[Raw data]:

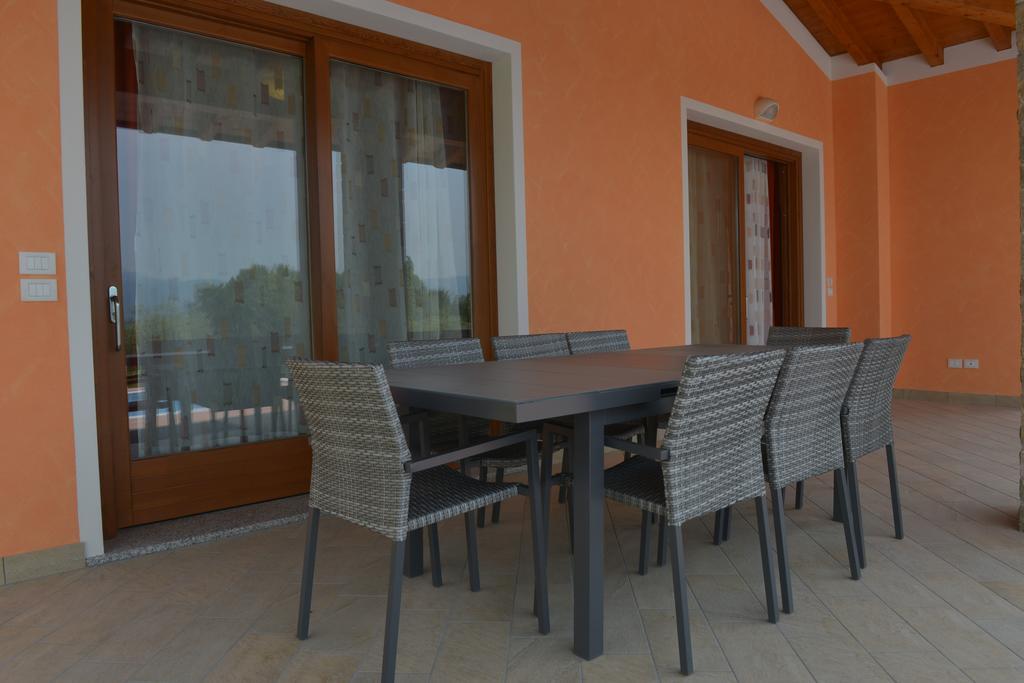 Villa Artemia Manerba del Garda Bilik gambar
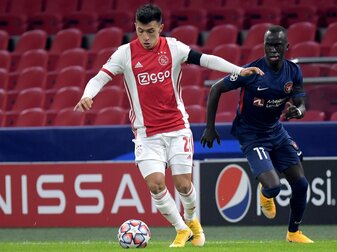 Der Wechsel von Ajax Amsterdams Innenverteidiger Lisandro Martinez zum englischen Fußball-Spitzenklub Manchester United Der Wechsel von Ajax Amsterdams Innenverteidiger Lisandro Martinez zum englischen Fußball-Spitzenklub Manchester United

--

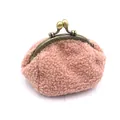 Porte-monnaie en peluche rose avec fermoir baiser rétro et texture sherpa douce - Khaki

...

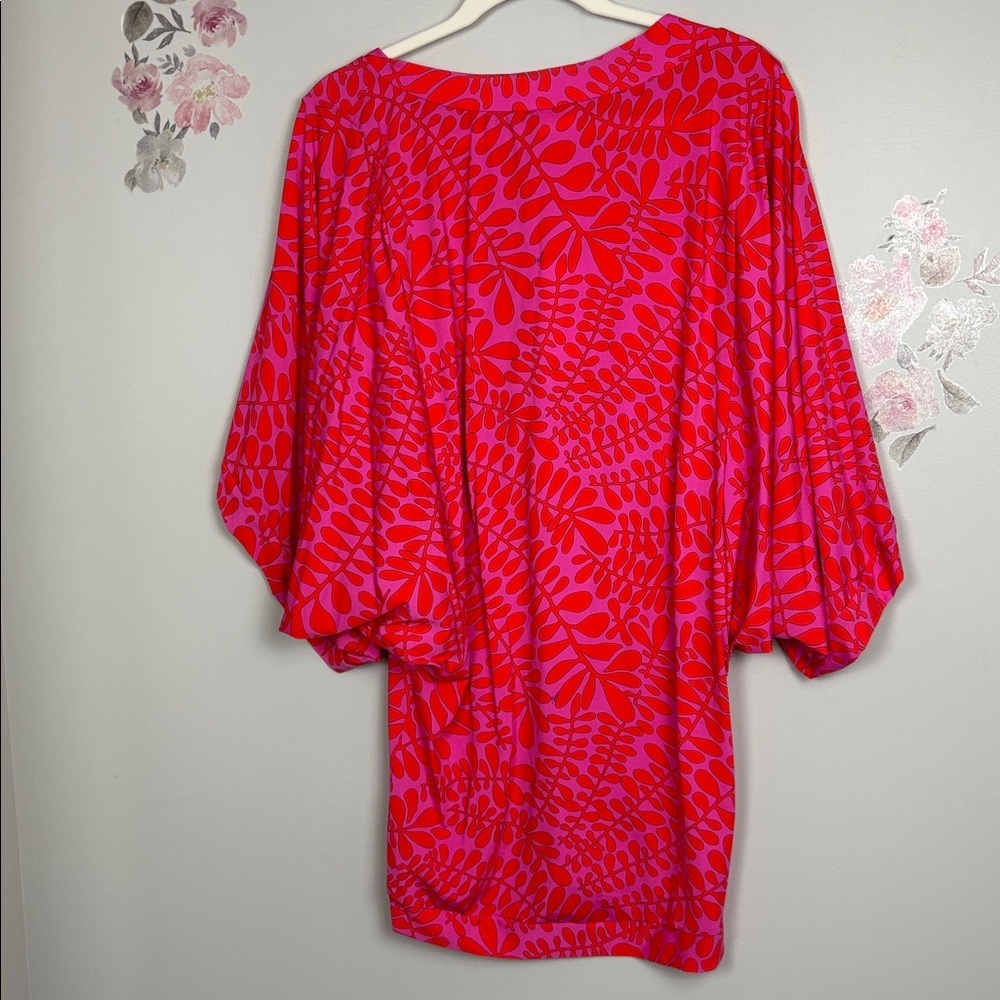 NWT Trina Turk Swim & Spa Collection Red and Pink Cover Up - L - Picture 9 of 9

[What this task involves]: Using the listing above, repeat word for word each line from the one with "Villa Artemia Manerba del Garda Bilik gambar" down to the one with "Manchester United Der", both included. Omit all pictures.

[Task response]:
 Villa Artemia Manerba del Garda Bilik gambar
 Der Wechsel von Ajax Amsterdams Innenverteidiger Lisandro Martinez zum englischen Fußball-Spitzenklub Manchester United Der Wechsel von Ajax Amsterdams Innenverteidiger Lisandro Martinez zum englischen Fußball-Spitzenklub Manchester United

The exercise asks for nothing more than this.